Approximately one in four Wisconsin residents with dementia are cared for in a facility based setting - a nursing home, community based residential facility (CBRF), or adult family home (AFH). People generally enter a facility when they can no longer be cared for in the home setting. These residents tend to be those whose care needs are higher. This component strives to:

  • Address barriers that deter some residential care facilities from admitting and providing ongoing care for residents with dementia related behaviors who require extra care and attention.
  • Continue to improve the quality of dementia care in facility settings.
  • Promote dementia-friendly facility designs.
  • Provide consumers with information about dementia care services.

Crisis System

Crisis System

Care for people with dementia can be difficult, especially if the person becomes self-injurious, aggressive or violent towards others. These kinds of behavior, which are often an attempt to communicate an unmet need, occurs in a small proportion of people with Alzheimer's disease or related dementias. Appropriate response is critical in helping avoid a crisis situation and mitigating a crisis that has developed. This component of the System Redesign Plan is focused on methods to:

  • Expand capacity of crisis response and stabilization.
  • Clarify procedures for emergency protective placement.
  • Improve Long Term Care for People with Challenging Behaviors.

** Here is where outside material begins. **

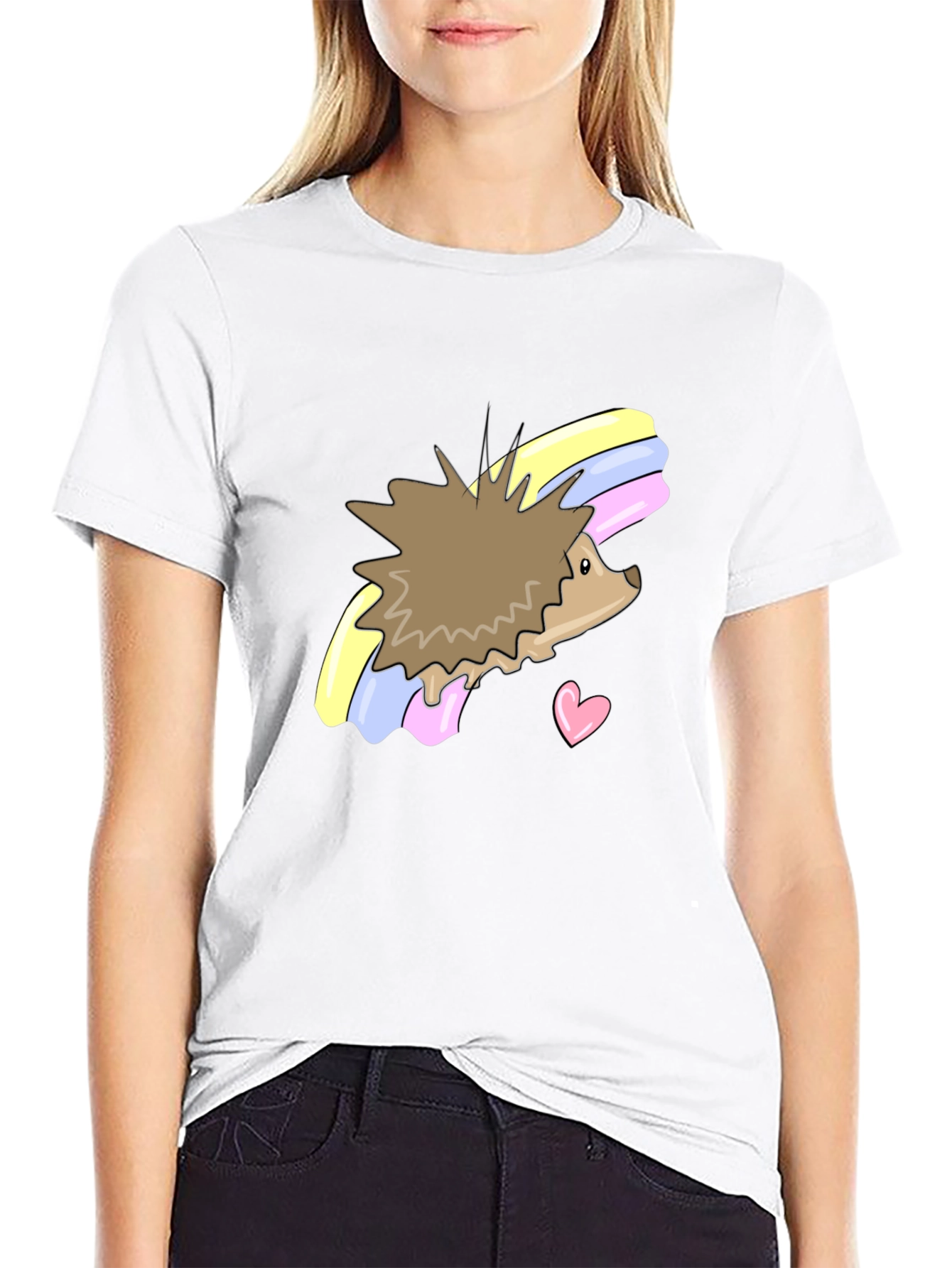 Black Cute Hedgehog Rainbow T-Shirt - Unisex view 9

Dementia Care Guiding Principles and Training

Dementia Care Guiding Principles and Training

In order to have a dementia-capable system of care, it is essential to have a shared understanding of what constitutes appropriate and high quality care for people with dementia and to have knowledgeable and supported professional and family caregivers to provide the care. The System Redesign Plan includes the following efforts to develop a shared vision of quality dementia care and to enhance training opportunities:

  • Develop guiding principles for dementia care provided by family caregivers, professionals, care facilities, and other service providers.
  • Encourage voluntary adoption of guiding principles.
  • Catalog and publicize existing dementia care training programs.
  • Provide additional dementia care training opportunities.

Research and Data Collection

Research and Data Collection

To measure the success of the System Redesign Plan efforts, information sources are being revised and updated. The System Redesign Plan includes the following strategies to enhance relevant research and data collection:

  • Develop and implement a data collection plan to facilitate quality measurements related to dementia care.
  • Conduct an inventory of dementia care providers.